Anno XXVII • Fascicolo 156 • aprile 2012
5
Editoriale
6
“Fratres in unum”
Paolo Pavan e Luigi Siviero
10
Tra terre e acque: il territorio a sud di Padova nell’antichità
Francesca Veronese
15
Notizie sulla Biblioteca Capitolare di Padova
Claudio Bellinati
18
Le statue di Palazzo Scarpari
Roberta Lamon
22
Antonio Belloni, illustre secentista padovano
Amedeo Benedetti e Paolo Maggiolo
26
La Bovetta e il suo vicolo
Oddone Longo
28
Luigi Montobbio, giornalista e scrittore padovano
Giorgio Ronconi
32
I colori dell’aria
Lorenzo Brunazzo
35
L’attualità del classico in Emilio Baracco
Carla Chiara Frigo
40
Rubriche
Editoriale
Il tempo, gli uomini, i monumenti: non sempre, e non tutti “sincronizzati” in un presente che dovrebbe renderne simultanea la fruizione, in rapporto diretto con le loro funzioni. Nella nostra città, fuori dai confini delle mura cinquecentesche, emergono due insigni esempi di questo “scollamento”: lo (ex) Foro Boario di corso Australia, capolavoro di Giuseppe Davanzo, il cui plastico è esposto al Musem of Modern Art di New York, e lo (ex) Seminario minore di Selvazzano – Tencarola, opera non meno insigne di un architetto padovano attivissimo, sensibile alla lezione di Le Corbusier, e tuttora vivente, Oscar Marchi, che molto operò nella nostra provincia.
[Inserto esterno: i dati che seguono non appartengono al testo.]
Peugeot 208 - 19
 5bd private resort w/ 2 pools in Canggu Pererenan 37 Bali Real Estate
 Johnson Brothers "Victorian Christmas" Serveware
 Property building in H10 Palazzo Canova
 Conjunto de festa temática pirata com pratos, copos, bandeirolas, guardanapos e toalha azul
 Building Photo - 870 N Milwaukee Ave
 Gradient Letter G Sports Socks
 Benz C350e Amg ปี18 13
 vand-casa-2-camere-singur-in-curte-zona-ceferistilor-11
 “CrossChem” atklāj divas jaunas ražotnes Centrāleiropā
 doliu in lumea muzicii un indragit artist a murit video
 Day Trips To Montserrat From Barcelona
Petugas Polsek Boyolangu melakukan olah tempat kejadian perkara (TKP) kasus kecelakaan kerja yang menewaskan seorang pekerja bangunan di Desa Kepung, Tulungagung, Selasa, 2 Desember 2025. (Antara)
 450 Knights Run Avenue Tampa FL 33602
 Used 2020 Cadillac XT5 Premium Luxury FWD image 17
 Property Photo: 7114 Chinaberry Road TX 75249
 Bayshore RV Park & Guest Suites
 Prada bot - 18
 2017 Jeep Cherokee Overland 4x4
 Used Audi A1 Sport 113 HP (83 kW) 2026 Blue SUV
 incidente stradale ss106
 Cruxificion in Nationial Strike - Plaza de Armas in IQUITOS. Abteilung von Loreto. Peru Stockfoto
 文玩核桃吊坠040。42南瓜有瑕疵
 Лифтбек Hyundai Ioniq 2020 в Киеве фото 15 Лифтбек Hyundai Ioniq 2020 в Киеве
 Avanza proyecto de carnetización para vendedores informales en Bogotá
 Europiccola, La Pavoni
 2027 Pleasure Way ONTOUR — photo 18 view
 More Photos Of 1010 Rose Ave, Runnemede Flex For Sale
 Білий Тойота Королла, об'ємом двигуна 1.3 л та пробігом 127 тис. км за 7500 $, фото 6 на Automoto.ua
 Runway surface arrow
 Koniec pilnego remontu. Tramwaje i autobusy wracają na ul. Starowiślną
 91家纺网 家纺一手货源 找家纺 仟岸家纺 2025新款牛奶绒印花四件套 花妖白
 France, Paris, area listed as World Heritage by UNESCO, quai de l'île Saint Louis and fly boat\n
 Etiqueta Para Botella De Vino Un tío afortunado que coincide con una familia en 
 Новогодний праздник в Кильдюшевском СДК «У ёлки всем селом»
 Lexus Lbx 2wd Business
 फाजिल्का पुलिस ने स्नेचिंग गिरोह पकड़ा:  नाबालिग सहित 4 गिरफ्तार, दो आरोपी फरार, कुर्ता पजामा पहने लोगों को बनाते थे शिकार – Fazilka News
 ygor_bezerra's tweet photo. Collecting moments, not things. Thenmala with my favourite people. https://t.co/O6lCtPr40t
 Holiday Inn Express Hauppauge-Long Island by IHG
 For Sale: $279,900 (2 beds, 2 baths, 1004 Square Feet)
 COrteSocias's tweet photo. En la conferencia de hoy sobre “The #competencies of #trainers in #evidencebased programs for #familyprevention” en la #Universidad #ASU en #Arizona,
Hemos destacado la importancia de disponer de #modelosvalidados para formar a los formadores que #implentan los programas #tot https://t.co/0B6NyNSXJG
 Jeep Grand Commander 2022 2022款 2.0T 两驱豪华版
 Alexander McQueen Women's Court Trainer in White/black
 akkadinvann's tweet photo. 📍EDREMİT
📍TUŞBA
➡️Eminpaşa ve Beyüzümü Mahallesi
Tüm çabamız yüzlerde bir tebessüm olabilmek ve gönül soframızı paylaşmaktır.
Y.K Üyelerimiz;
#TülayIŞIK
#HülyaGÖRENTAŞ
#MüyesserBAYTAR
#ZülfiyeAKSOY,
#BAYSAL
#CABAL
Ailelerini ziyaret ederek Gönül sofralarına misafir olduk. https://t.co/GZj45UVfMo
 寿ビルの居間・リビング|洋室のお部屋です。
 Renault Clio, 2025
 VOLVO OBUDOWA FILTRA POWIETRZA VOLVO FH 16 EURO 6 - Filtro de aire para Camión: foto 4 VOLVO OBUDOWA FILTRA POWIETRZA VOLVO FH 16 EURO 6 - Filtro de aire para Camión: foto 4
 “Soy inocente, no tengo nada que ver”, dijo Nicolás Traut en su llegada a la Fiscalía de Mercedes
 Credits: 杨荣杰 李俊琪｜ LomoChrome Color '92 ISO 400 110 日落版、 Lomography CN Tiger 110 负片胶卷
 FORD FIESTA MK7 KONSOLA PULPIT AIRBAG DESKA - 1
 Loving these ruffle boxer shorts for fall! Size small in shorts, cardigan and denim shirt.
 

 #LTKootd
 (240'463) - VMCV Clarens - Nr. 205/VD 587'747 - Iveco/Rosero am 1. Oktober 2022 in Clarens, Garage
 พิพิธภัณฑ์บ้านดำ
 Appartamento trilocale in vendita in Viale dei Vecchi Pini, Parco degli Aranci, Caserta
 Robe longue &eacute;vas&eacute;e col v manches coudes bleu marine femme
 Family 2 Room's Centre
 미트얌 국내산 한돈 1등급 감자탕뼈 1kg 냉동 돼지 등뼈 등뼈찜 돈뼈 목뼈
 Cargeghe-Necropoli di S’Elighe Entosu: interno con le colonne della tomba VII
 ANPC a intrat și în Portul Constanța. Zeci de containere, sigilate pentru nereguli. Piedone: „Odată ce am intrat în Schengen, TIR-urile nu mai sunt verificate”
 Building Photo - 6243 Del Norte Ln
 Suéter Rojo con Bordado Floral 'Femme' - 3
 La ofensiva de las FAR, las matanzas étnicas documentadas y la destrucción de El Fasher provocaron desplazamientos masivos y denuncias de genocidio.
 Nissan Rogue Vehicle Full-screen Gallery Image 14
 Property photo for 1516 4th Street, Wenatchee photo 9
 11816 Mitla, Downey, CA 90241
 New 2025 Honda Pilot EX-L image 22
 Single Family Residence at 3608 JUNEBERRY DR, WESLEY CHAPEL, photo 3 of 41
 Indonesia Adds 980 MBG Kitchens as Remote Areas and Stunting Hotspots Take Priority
Orbene, mentre nel primo caso si tratta di un monumento tutelato dalla Soprintendenza, nel secondo non esiste al momento alcun vincolo protettivo. Nella serie padovana aperta dal “Santo senza nome”, e proseguita dal “Caffé senza porte” e dal “Prato senza erba”, annoveriamo oggi il “Foro Boario senza bovini” e il “Seminario senza chierici”. L’uno e l’altro vennero infatti consegnati ai committenti (il secondo ancora incompleto) nel momento in cui la loro utilità sociale e produttiva veniva a mancare: per il Foro Boario erano mutate le disposizioni di legge relative al controllo della qualità e sanità degli animali, controllo delegato agli allevatori stessi, e quindi delocalizzato. Diversi gli esiti del Seminario: fra gli anni ’60 e ’70, la profonda trasformazione della Provincia, e della Regione, in area prevalentemente industriale, avevano liberato le aziende familiari contadine del surplus di giovani destinati a popolare le chiese e le parrocchie: vi fu un’autentica crisi delle vocazioni, onde il nuovo Seminario minore non riuscì ad ospitare più di un terzo degli spazi disponibili. L’imponente mole del già costruito (mancava tuttavia… la chiesa!) venne abbandonato a se stesso, e subì un progressivo degrado, tuttora in atto. Si fece avanti così un progetto di riutilizzo dell’area, ad opera di una cordata guidata dal gruppo bergamasco di Italcementi-Calcestruzzi, un riutilizzo che prevede di radere al suolo l’intero complesso edificato, facendone tabula rasa. Ora, si possono comprendere le ragioni economiche, ma resta da dimostrare che queste debbano oggi prevalere sul principio di tutela artistica e paesaggistica. La nostra rivista, che già intervenne in proposito alcuni anni fa ad opera di Bepi Contin, non si considera ancora sconfitta.